Limitations & Future Work¶

Depth estimation remains a significant bottleneck: The GT depth upper bound (64.3/42.3 vs. 61.2/35.2) indicates that the model is limited by depth estimation accuracy; incorporating stronger depth estimation modules or pretrained depth foundation models is a promising direction.
Coarseness of pseudo-labels: Much of the space inside bounding boxes is actually free; generating more accurate pseudo-occupancy labels via shape priors or self-supervised signals could yield further improvements.
Fixed top-\(k\) selection: The 25% ratio is fixed, yet object density varies considerably across scenes; an adaptive selection strategy may be more appropriate.
Larger backbones and pretrained weights unexplored: The current model uses ResNet-50; Vision Transformers or larger pretrained models may provide additional gains in feature representation capacity.

Method	GT Geometry Required	Feature Lifting Strategy	Efficiency
ImVoxelNet	✗	Ray-based average	High, but low accuracy
ImGeoNet	✓	Ray + opacity post-processing	Medium
NeRF-Det	✗	NeRF ray + opacity post-processing	Medium
CN-RMA	✓	TSDF-guided + multi-stage	Low (243 h training)
MVSDet	✗	MVS depth + 3DGS self-supervision	Low (35 GB memory)
SGCDet	✗	3D deform. attn + sparse construction	High (20 GB, 1.46 FPS)

SGCDet comprehensively outperforms all methods that do not use GT geometry, and its efficiency approaches or surpasses methods that do.
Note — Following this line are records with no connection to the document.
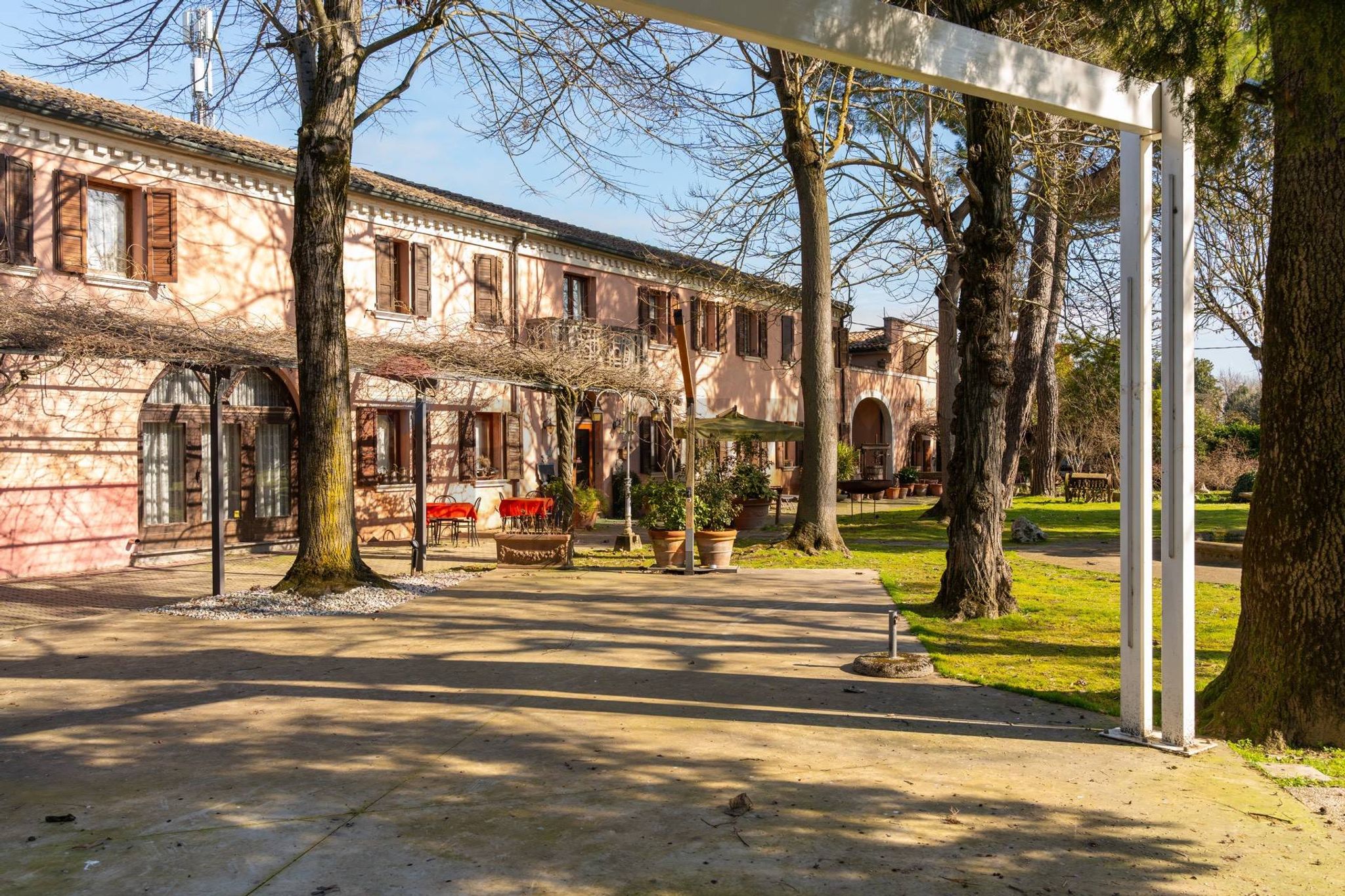 Edificio all'aperto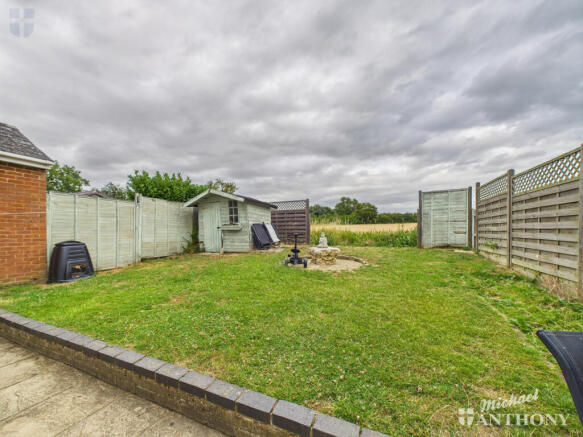 CAM03218G0-PR0718-STILL014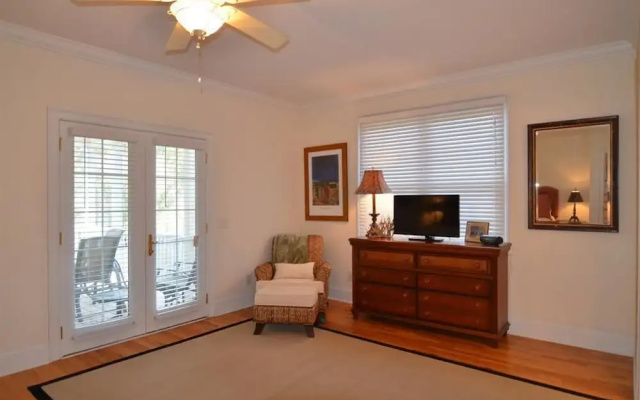 Beach  4 Bedroom Home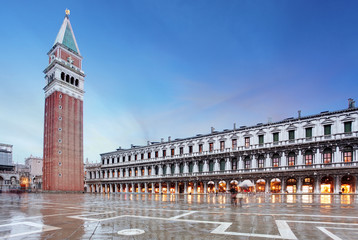 Fototapeta na wymiar San Marco square - Venezia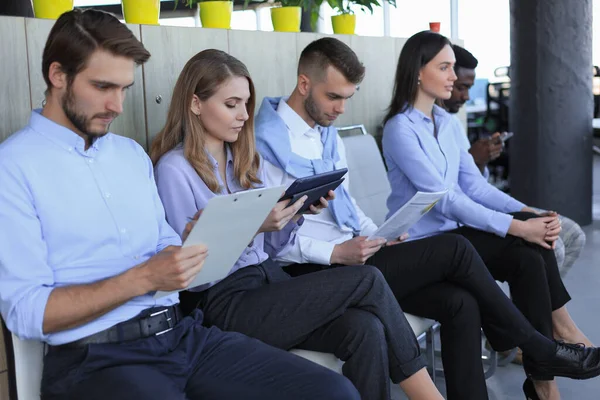 Gente Negocios Esperando Entrevista Trabajo —  Fotos de Stock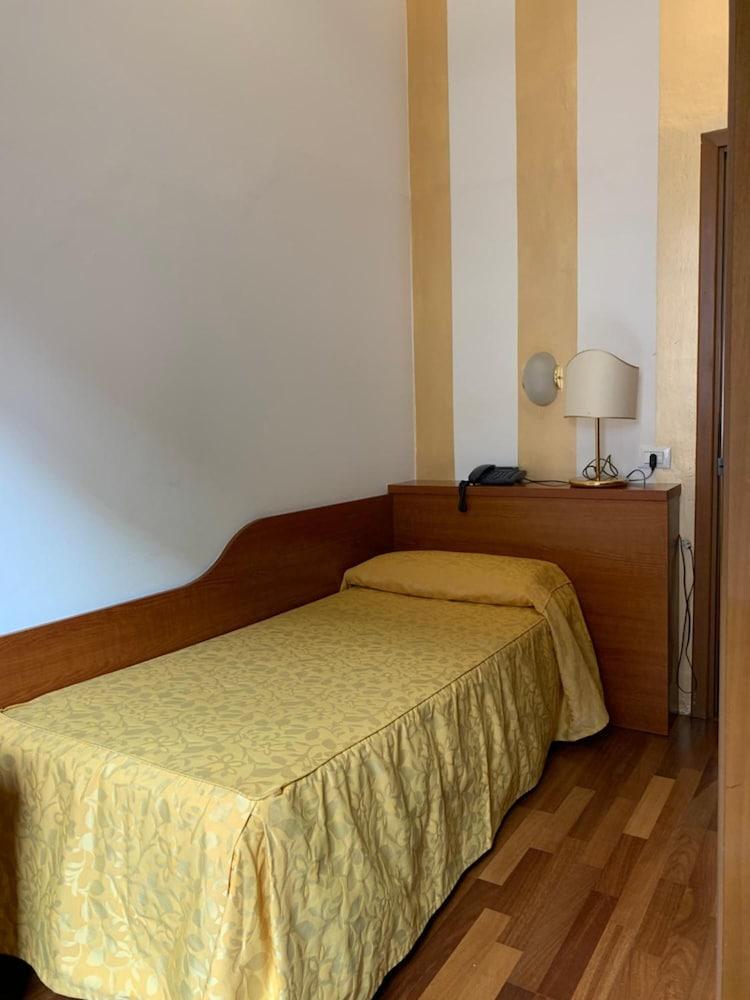 Hotel Bogart 2 Милан Экстерьер фото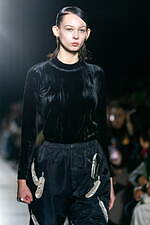 タナカ 2024年秋冬コレクション - 自由の翼を広げて｜写真11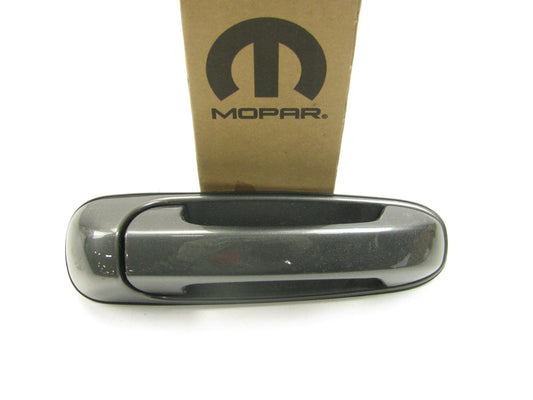 NEW - 5FW46ZDRAB REAR RIGHT Exterior Door Handle 02 Grand Cherokee GRAPHITE MET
Connection to My Research¶

The occupancy prediction and sparsification paradigm is transferable to autonomous driving 3D occupancy prediction (e.g., open-vocabulary 3D occupancy prediction), and the pseudo-label generation strategy offers a reference for scenarios lacking dense GT annotations.
The design philosophy of 3D deformable attention — performing adaptive sampling in the lifted 3D space rather than on the 2D plane — is applicable to any task requiring modeling of depth uncertainty.
The multi-view + monocular dual-branch fusion pattern in DepthNet constitutes a general depth estimation paradigm reusable in other multi-view 3D understanding tasks.

Rating¶

Novelty: ⭐⭐⭐⭐ The combination of 3D deformable attention and bbox-based pseudo-occupancy labels is sufficiently novel; the removal of GT geometry dependency has clear engineering and academic value.
Experimental Thoroughness: ⭐⭐⭐⭐⭐ Three datasets, detailed ablations (five groups), computational cost analysis, robustness experiments, and visualizations — extremely comprehensive.
Writing Quality: ⭐⭐⭐⭐ Well-structured, well-motivated, with intuitive figures and rigorous mathematical notation.
Value: ⭐⭐⭐ The occupancy prediction and sparsification strategies are transferable, though the connection to the primary current research direction is moderate.